The US cannot cut off the head of the (resistance) snake in Iraq - simply because there is no head: a Buddhist monk would say the snake now is one with the river itself, and it flows non-stop. Walls are irrelevant - either to the resistance or to the militias or death squads.

The surge promoted by US President George W Bush is no more - its metaphorical wall already smashed by almost 100 car and truck bombings since February, perpetrated either by strands of the Sunni Arab resistance, some more nationalistic, some more Islamic, or by al-Qaeda in the Land of the Two Rivers.

If walls were such a brilliant idea - as Pentagon "engineers" don't seem to remember one in Berlin - then why don't neo-cons of the French presidential candidate Nicolas Sarkozy variety propose walling inner Paris from the suburban Islamic throngs that invade it every weekend? Oops, maybe because recent Europol research on Islamic terrorism in the European Union detected only one Islamic terror attack in the EU in 2006 among 498 incidents.

I want my nation back
Nine leading Sunni Arab resistance groups, including the Jaysh Ansar al-Sunna, the 1920 Revolution Brigades and the Islamic Front for the Iraqi Resistance - all with no "foreign" connections, meaning basically al-Qaeda - have recently united all their know-how against very clear enemies: the US occupiers, the inefficient, corrupt Maliki government and al-Qaeda.

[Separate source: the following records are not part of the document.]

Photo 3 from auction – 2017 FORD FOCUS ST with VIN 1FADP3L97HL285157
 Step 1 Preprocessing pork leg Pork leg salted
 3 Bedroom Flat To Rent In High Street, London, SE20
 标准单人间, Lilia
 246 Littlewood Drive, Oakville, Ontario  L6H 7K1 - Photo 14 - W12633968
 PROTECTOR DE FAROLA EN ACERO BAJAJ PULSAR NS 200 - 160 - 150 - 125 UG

According to all recent polls, 80% of Iraqis are against the occupation: this includes virtually all the Sunnis - including those in the Adhamiyah gated area - and more than 70% of Shi'ites. Sixty percent of all Iraqis think the US controls everything in Iraq - no wonder, when gated areas are erected without consulting the local population, or when the key security agency - the dreaded Iraqi National Intelligence Service - is basically a phenomenally expensive Central Intelligence Agency asset (US$3 billion already consumed in less than three years).

Instead of building gated areas, the leading Sunni Arab resistance groups want to talk real business. They have laid out their conditions for - among other things - not bombing any future Pentagon real-estate projects

They want direct negotiations with General David Petraeus, the Pentagon supremo in Iraq, and the US Embassy in the (walled, but breachable) Green Zone. They want Washington to drop the Maliki government (that's more or less on the way). And they want two things they know they will never get: financial compensation for all the horrors inflicted on Iraq since the 2003 invasion (maybe they should request a meeting with Iraq liberator-in-chief Paul Wolfowitz at the World Bank); and the smashing of all L Paul Bremer's neo-liberal laws, especially making sure that Iraq's oil wealth will not be sold out to Anglo-American Big Oil.

The Bush administration will obviously say no to most, if not all, of these conditions. What's left couldn't be anything other than building exclusive gated areas.